Dans les conflits armés internationaux, le CICR doit se voir accorder un accès régulier à toutes les personnes privées de liberté afin de vérifier leurs conditions de détention et de rétablir le contact entre ces personnes et leur famille.
Les prisonniers de guerre doivent être libérés et rapatriés sans délai après la fin des hostilités actives.
Les internés civils doivent être libérés dès que les causes qui ont motivé leur internement cessent d’exister, mais en tout cas dans les plus brefs délais possibles après la fin des hostilités actives.
Résumé du cas d’étude
En janvier 1995, en raison d’un différend frontalier, un conflit armé a éclaté entre l’Équateur et le Pérou et a entrainé des arrestations dans les deux camps. En février, les parties ont officiellement déclaré qu’elles avaient convenu de faire cesser les hostilités pour renforcer leur engagement à un cessez-le-feu et à la recherche d’une paix durable.
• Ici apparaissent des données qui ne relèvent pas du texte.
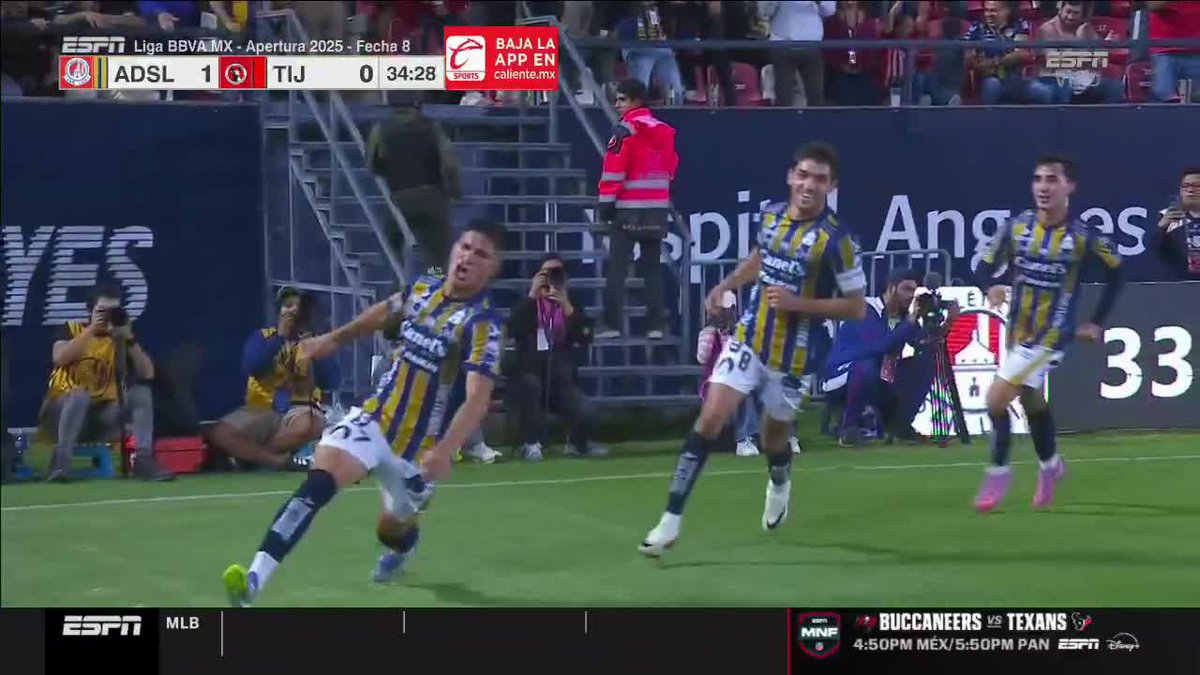 ¡GOOOL DEL ATLÉTICO SAN LUIS! ⚽️🔥 Benjamín Galdames abre en marcador en el Alfonso Lastras, ya lo gana el Atlético de San Luis. EN VIVO por ESPN y #DisneyPlus 📺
Le processus de paix qui s’en est suivi prévoyait notamment que l’Équateur et le Pérou échangent des prisonniers de guerre (PG) à deux reprises. Plusieurs acteurs internationaux ont facilité ces échanges et ont fourni une assistance.
Respect du DIH : les points à retenir
- En coopération avec les autorités compétentes, des délégués du CICR ont visité des internés civils détenus par l’Équateur et le Pérou en raison du conflit et ont pu s’entretenir avec eux en privé.
- Le 1er mars 1995, en coopération avec le CICR, le Pérou a remis deux PG Équatoriens aux autorités équatoriennes, en échange de sept PG Péruviens qui avaient été internés en Équateur.
- Un deuxième échange a eu lieu le 30 juin 1995, lors duquel quatre civils équatoriens et onze civils péruviens ont été libérés et rapatriés en Équateur et au Pérou grâce à l’aide du CICR. Dans un communiqué de presse publié au moment de l’échange, le gouvernement équatorien a reconnu que cet échange contribuait à un processus de paix plus global et rappelé son engagement à respecter les dispositions de l’article 118 de la Troisième Convention de Genève relatives au traitement des prisonniers de guerre.
Ce cas d’étude a été élaboré par Emma Persson, James Patrick Sexton et Shaya Javadinia, avec le concours de Maria Querol Guillen et d’Eliza Walsh, étudiantes en droit (LL.M.) à l’université de Leiden, sous la supervision du professeur Robert Heinsch, ainsi que d’Alla Ershova (chercheuse principale) et d’Ashley Peltier (chercheuse), du Kalshoven-Gieskes Forum de l’université de Leiden.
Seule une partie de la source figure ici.